The deadline for completion of the reorganization plan has been extended to the end of this year.
Under the original schedule, a plan for extensive restructuring of the government’s executive branch – reducing the number of cabinet-level agencies from 37 to 29 and enhancing efficiency by bringing related functions under the same ministry – was supposed to be completed between January 1, 2012 and December 31, 2014. Over the past two years, 22 new or restructured central-level agencies have indeed received legislative approval and started operations. These include the Ministry of Culture (upgrading the former Council for Cultural Affairs), Ministry of Labor (from the Council of Labor Affairs), Ministry of Science and Technology (National Science Council), Ministry of Health and Welfare (Department of Health), and the National Development Council (Council for Economic Planning and Development).
But continued disagreements within the Legislative Yuan (LY) over transformation of some remaining agencies made it clear for some time that the year-end 2014 deadline would be impossible to meet. On December 17, the legislature passed a bill proposed by Kuomintang (KMT) lawmaker Lu Hsueh-chang to postpone the deadline by one year.
The seven organizations still awaiting legislative action are the proposed Ministry of Economic and Energy Affairs (currently the Ministry of Economic Affairs), Ministry of Transportation and Construction (now the Ministry of Transportation and Communications), Ministry of Agriculture (Council of Agriculture), Ministry of Environment and Natural Resources (mainly the Environmental Protection Administration), Ministry of Interior, Mainland Affairs Council, and a new Ocean Affairs Council.
The hold-up in approval reflects a wider phenomenon in the LY – the practice in the parliamentary body, despite the large KMT majority, of seeking consensus among various political forces before voting on major bills. The new organizational statute for the Mainland Affairs Council, for instance, has been blocked by the Taiwan Solidarity Union, whose party caucus opposes the idea of mutual establishment of official representative offices by Taiwan and China.
Negotiations among the legislative caucuses of the various parties have reportedly ironed out most of the major differences that were blocking approval of enabling legislation. Agreement was reached, for example, to keep the Central Weather Bureau under the Ministry of Transportation and Construction, rather than transfer it to the Ministry of Environment and Natural Resources as originally planned; to incorporate the Mongolian and Tibetan Affairs Commission into the Mainland Affairs Council; and to retain the Taiwan Forestry Research Institute under the Ministry of Agriculture to facilitate forestation, instead of transferring it to the Ministry of Environment and National Resources (although the Ministry will still take over the Institute’s functions related to biodiversity and the preservation of natural resources).

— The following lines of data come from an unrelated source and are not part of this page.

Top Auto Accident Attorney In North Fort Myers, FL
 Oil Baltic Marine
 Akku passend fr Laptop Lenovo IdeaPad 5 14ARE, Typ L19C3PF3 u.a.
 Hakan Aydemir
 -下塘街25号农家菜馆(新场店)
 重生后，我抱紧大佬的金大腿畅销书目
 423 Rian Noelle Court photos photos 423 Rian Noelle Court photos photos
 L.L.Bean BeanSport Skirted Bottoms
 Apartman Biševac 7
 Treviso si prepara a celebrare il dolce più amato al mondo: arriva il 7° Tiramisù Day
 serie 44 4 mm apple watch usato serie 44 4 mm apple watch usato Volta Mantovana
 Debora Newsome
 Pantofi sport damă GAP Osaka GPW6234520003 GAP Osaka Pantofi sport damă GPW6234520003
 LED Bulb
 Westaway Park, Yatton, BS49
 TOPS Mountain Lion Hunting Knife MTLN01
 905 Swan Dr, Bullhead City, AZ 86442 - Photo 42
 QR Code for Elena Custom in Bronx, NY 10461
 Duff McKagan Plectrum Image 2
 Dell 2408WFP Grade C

Still to be resolved, however, are several divergent bills put forth by individual legislators – in addition to a bill formulated by the Executive Yuan – for the organizational statute of the Ocean Affairs Council. The Council is expected to incorporate the existing Coast Guard Administration, along with new entities responsible for the oceanic policy planning and promotion, oceanic resources, maritime safety, coastal management, and oceanic culture/education.
In addition, some legislators are asking for reconsideration of a previously reached consensus that the Ministry of Environment and Natural Resources structure would include both a National Parks Administration (upgraded from the current National Parks Department under the Ministry of Interior) and a Forestry and Conservation Administration (from the existing Forestry Bureau of the Council of Agriculture). Maintaining that the functions of the two administrations heavily overlap, these lawmakers are calling for them to be combined under the reorganization program.